9# Evaluation: NER, Chunking, and other retrieval tasks

_Practical Python for Linguistics and the Humanities -- Alexis 
Dimitriadis_

## Contents


**[1. Evaluating a retrieval task: Adjective recognition](#1.-Evaluating-a-retrieval-task:-Adjective-recognition)**  
&nbsp;&nbsp;&nbsp;&nbsp;
  [1.1 Prepare the testing data](#1.1-Prepare-the-testing-data)  
&nbsp;&nbsp;&nbsp;&nbsp;
  [1.2 Examine the data](#1.2-Examine-the-data)  
&nbsp;&nbsp;&nbsp;&nbsp;
  [1.3 Prepare the tagger](#1.3-Prepare-the-tagger)  
&nbsp;&nbsp;&nbsp;&nbsp;
  [1.4 Tag and evaluate](#1.4-Tag-and-evaluate)  

**[2. Chunking the CONLL2002 corpus](#2.-Chunking-the-CONLL2002-corpus)**  
&nbsp;&nbsp;&nbsp;&nbsp;
  [2.1 IOB and Tree formats](#2.1-IOB-and-Tree-formats)  
&nbsp;&nbsp;&nbsp;&nbsp;
  [2.2 Converting between formats](#2.2-Converting-between-formats)  

**[3. Evaluating the NLTK's own Named Entity chunker](#3.-Evaluating-the-NLTK's-own-Named-Entity-chunker)**  
&nbsp;&nbsp;&nbsp;&nbsp;
  [3.1 Error analysis](#3.1-Error-analysis)  


Measuring the performance of our tools is an important part of Natural
 Language Processing. While in tasks like POS tagging every word must 
be tagged, information retrieval tasks are only concerned with some 
items out of the mass of data.  The notions of precision and recall, 
and the "F-score" that combines them, measure the success of our 
solutions. 


## Reading:

* NLTK book, [section 6.3: 
Evaluation](http://www.nltk.org/book/ch06.html#evaluation).  
See also Jurafsky and Martin section 5.7.

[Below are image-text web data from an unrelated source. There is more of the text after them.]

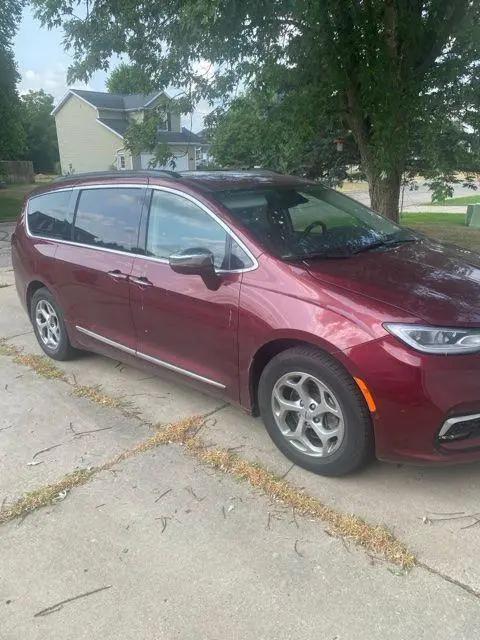 2022 Chrysler Pacifica Limited for sale in Lansing, MI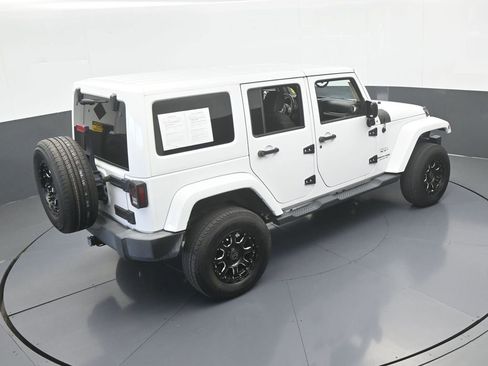Used 2018 Jeep Wrangler Unlimited Sahara w/ Connectivity Group image 49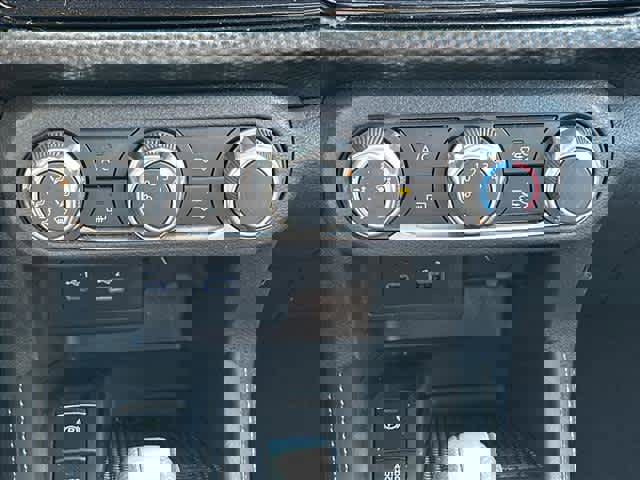 Used 2023 Nissan Kicks SV image 21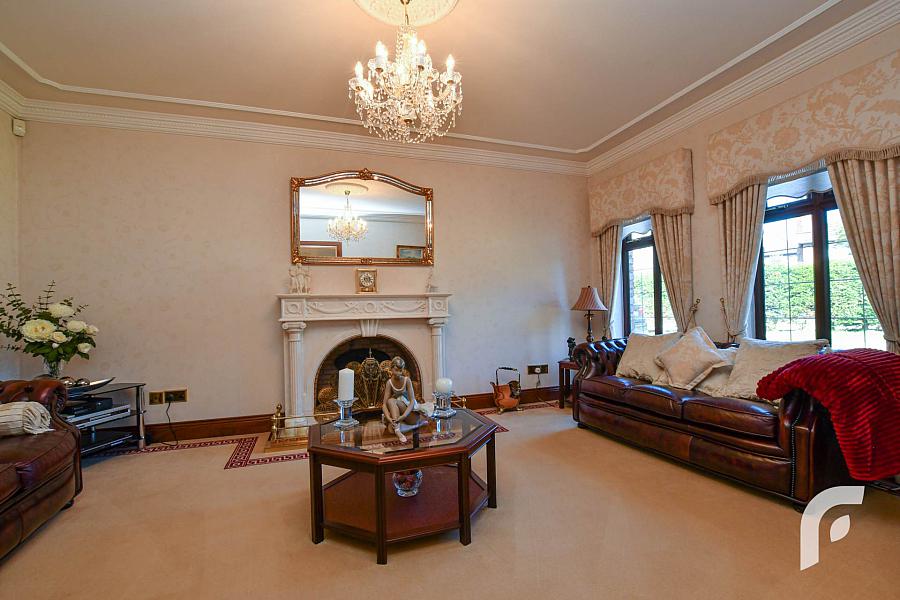 7 Hedgelea Grove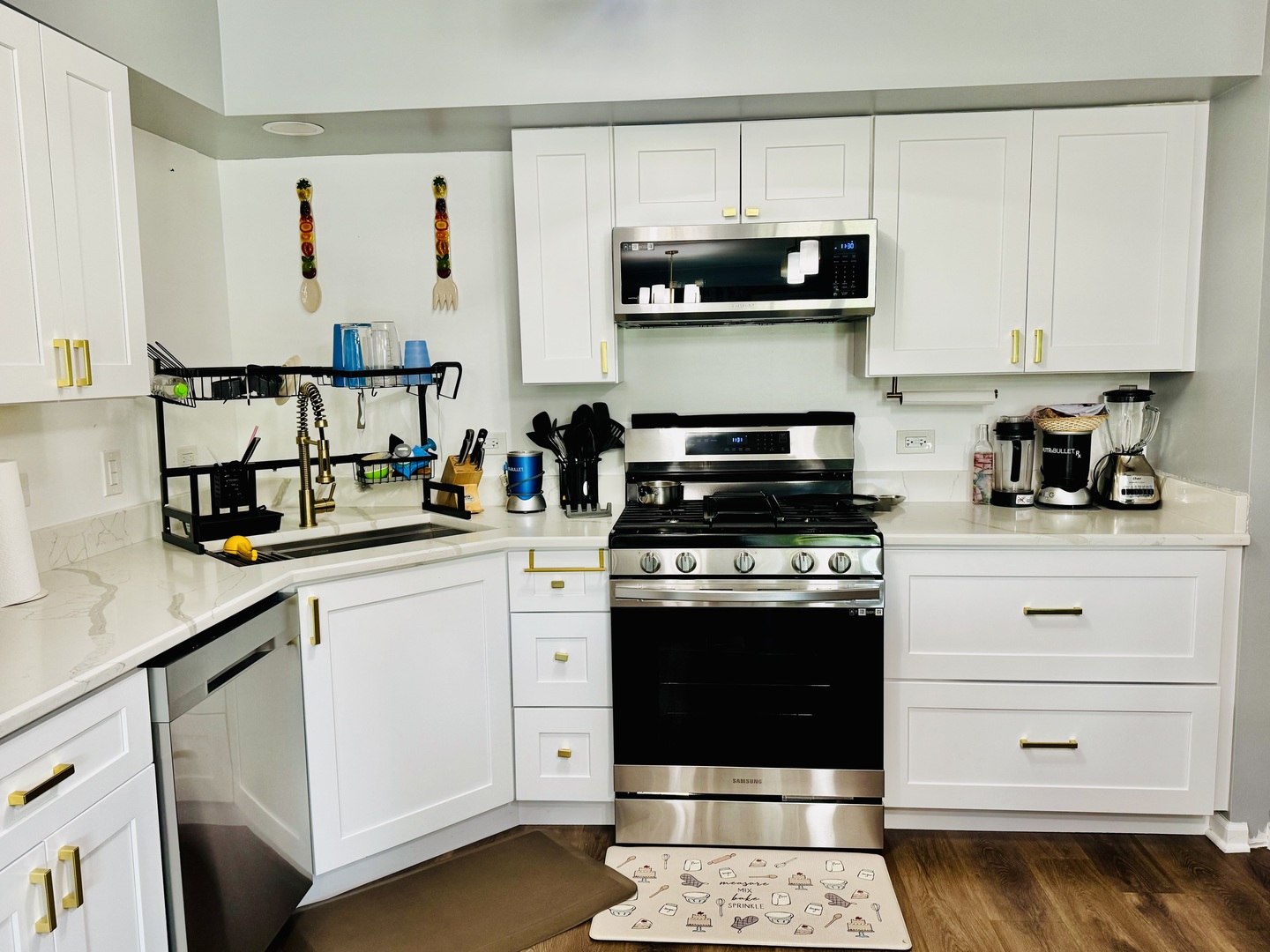 4019 W 93rd Street C Property Photo 9
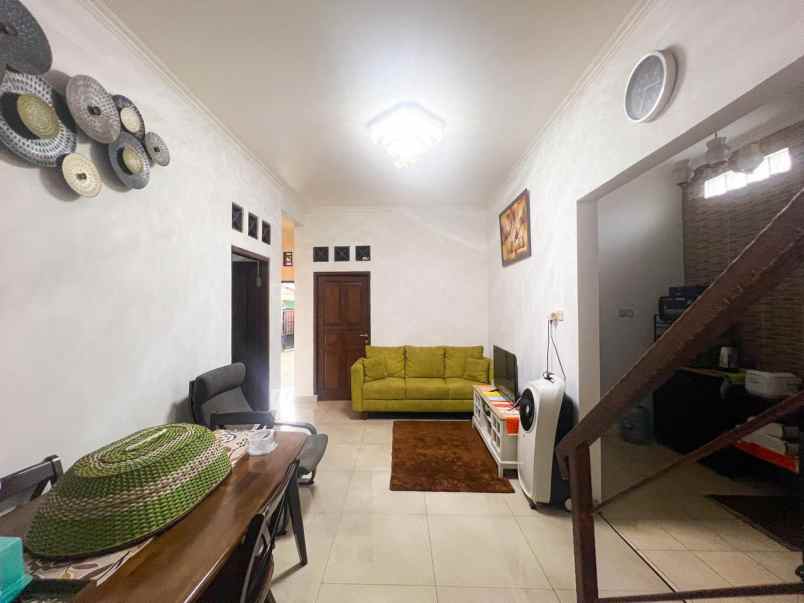 dijual rumah jl tanjung barat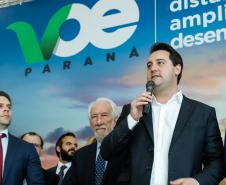 Um acordo assinado pelo governador Carlos Massa Ratinho Junior e o Grupo Latam Airlines vai abrir 71 novos voos no Estado. A empresa destaca que haverá ampliação de 17% das operações Paraná, fazendo do Estado o quarto maior mercado da companhia no Brasil. O anúncio feito nesta sexta-feira (30), no Palácio Iguaçu, em Curitiba.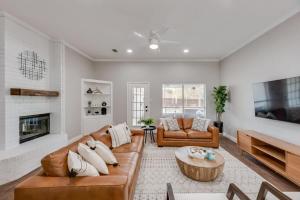 Μια τηλεόραση ή/και κέντρο ψυχαγωγίας στο Boho Chic Home w Backyard Paradise - Pool + Grill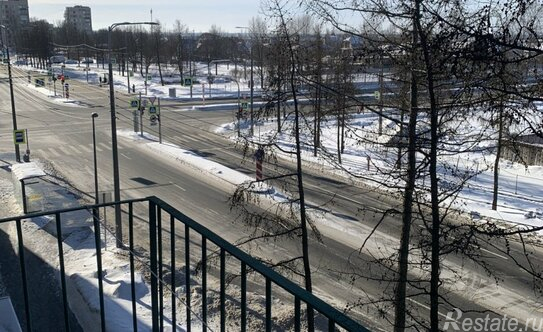 Продажа 1-комн квартиры на вторичном рынке пр-кт Ленина,  д. 81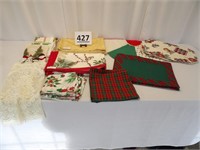 Christmas Table Cloths & Place Mats
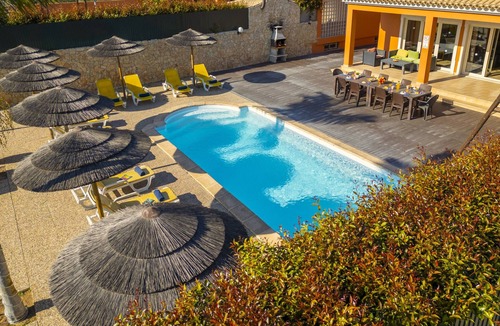 Branqueira Villa | Villa w/heatable pool, BBQ & games room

* NLTK book, [section 7.2: Chunking.](http://www.nltk.org/book/ch07.html#sec-chunking)

- - - - 

## 1. Evaluating a retrieval task: Adjective recognition

We begin by evaluating a simple (and easy) information retrieval task:
 Finding adjectives
in the Dutch [CONLL 2002 
corpus](http://www.cnts.ua.ac.be/conll2002/ner/). We will use the 
Dutch tagger you built in a previous assignment, and evaluate its 
performance for the adjective retrieval task.

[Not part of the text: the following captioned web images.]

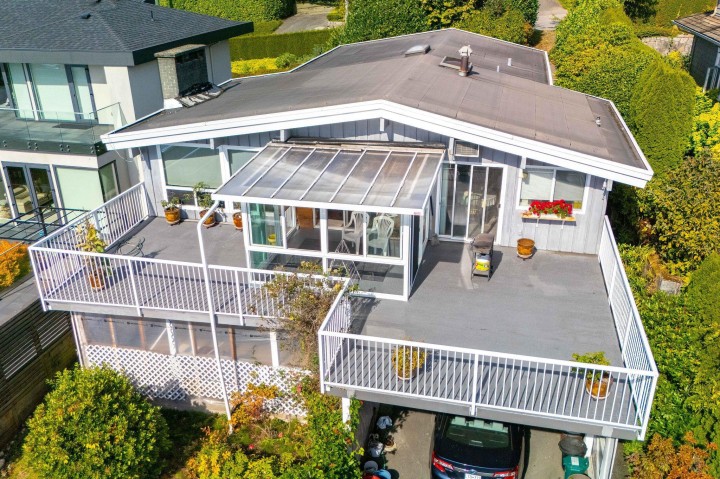 Photo 3 at 2128 Mathers Avenue, Dundarave, West Vancouver
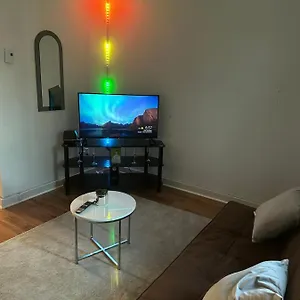 https://3-1-2-4-pers-max-apartment-quebec-city.hotelsquebeccity.net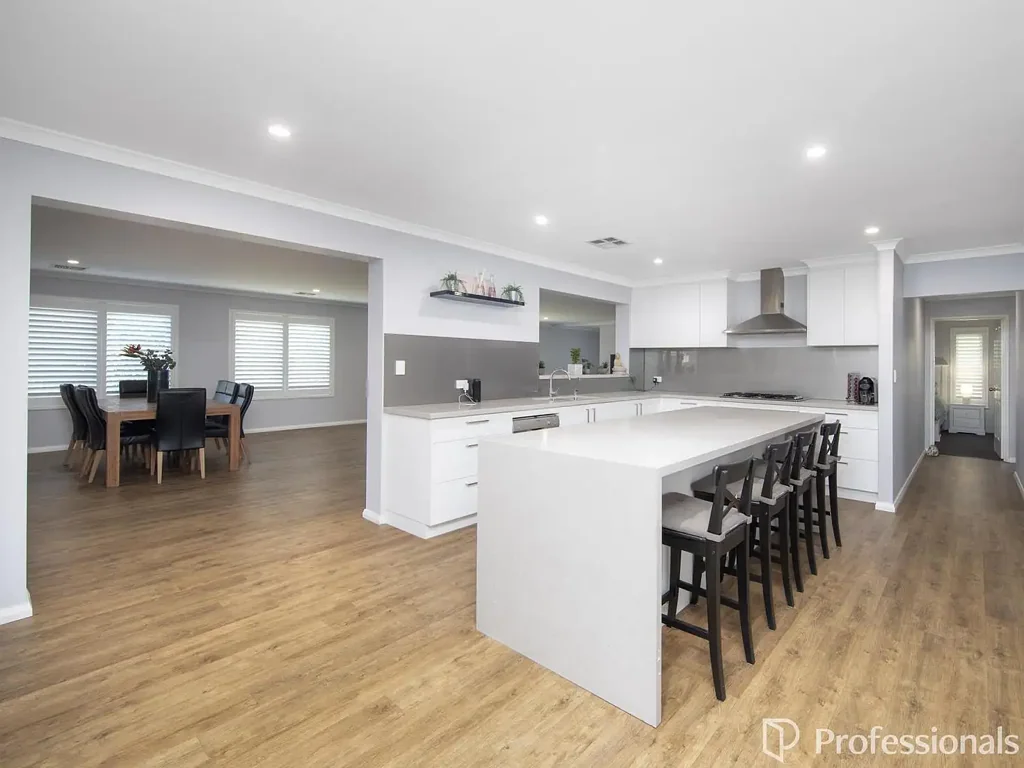 Helena Valley 6ห้องนอน Big Family Home with Space for Everyone - Plus a Granny Flat!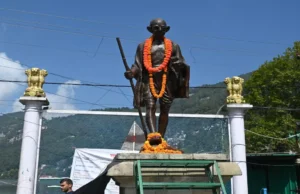 Uttarakhand: नैनीताल में अब यातायात नियम पढ़ाएगी गांधी प्रतिमा, 75 साल बाद शहर में चर्खे पर सूत कातते आएंगे नजर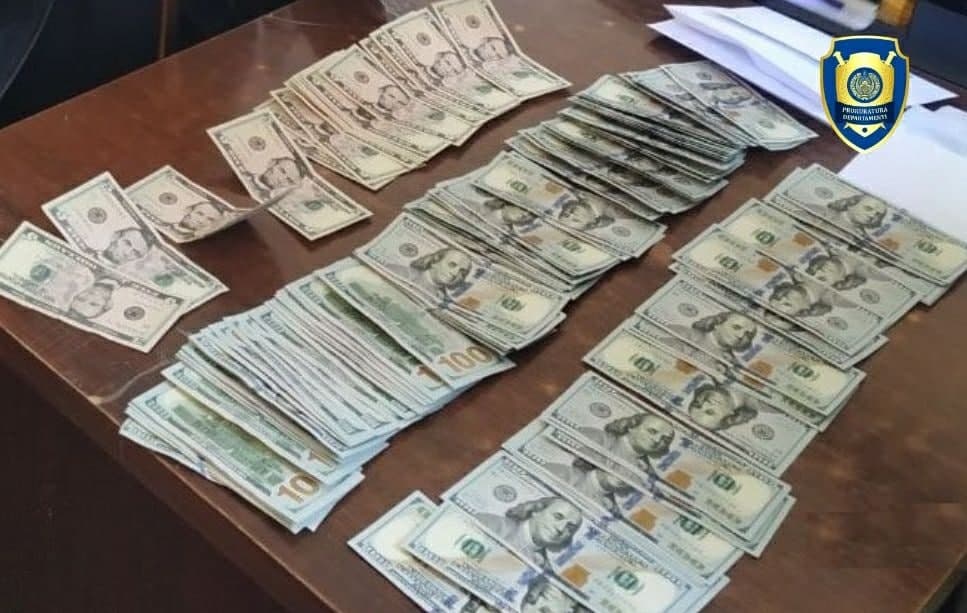 Ҳазорасп тумани ҳокими ўринбосари 12 минг доллар билан ушланди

The tags that come with the corpus are our "gold standard": We will 
assume (contrary to fact!) that they are always right. We will compare
 our tagger's performance on the test data with the "gold standard" 
answers.

### 1.1 Prepare the testing data


Once again we'll use the [CONLL 2002 
corpus](http://www.cnts.ua.ac.be/conll2002/ner/), which comes as part 
of the NLTK. Recall that the CONLL2002 corpus includes texts in Dutch 
and in Spanish, so we must _always_ take care to only fetch the 
appropriate file. We will use the data in the file `"ned.train"`, with
 the same division into training and testing sentences as before: 
Sentences with index less than 1500 are for testing, and the rest are 
for training. Never test a solution on the data it was 
trained with!

In [None]:
from nltk.corpus import conll2002 as conll

allsents = conll.tagged_sents("ned.train")
test_sents = allsents[:1500]
train_sents = allsents[1500:]

**Your turn:** Create an untagged version of the test part of the 
corpus.

In [None]:
# FILL IN:

test_sents_untagged = ...

### 1.2 Examine the data

Find out how many adjectives there _really_ are in the **testing 
part** of the corpus. You'll need to loop over the sentences in 
`test_sents` and count how many words are tagged as adjectives. Print 
out the result nicely. There are over one thousand adjectives in the 
test set.

In [None]:
# YOUR CODE:



### 1.3 Prepare the tagger

1. Use your notebook "training a tagger" to create and pickle a Dutch 
tagger, trained on the data in `train_sents`. If you still have your 
pickled tagger, you may use it instead of training a new one.<p/>

2. In the code cell below, load your pickled tagger into a variable 
`tagger`. (Move or copy your tagger to the directory containing this notebook, 
if necessary.)

In [None]:
# YOUR CODE:



### 1.4 Tag and evaluate

Tag the untagged version of our test set with the tagger and save the 
result in a list. Compare the newly tagged sentences with the 
correctly tagged "gold standard": Count the number of adjectives that 
are correctly retrived, that were missed, and that are false 
positives. (I.e., true positives, false negatives, and false 
positives.) Print these numbers out for our information.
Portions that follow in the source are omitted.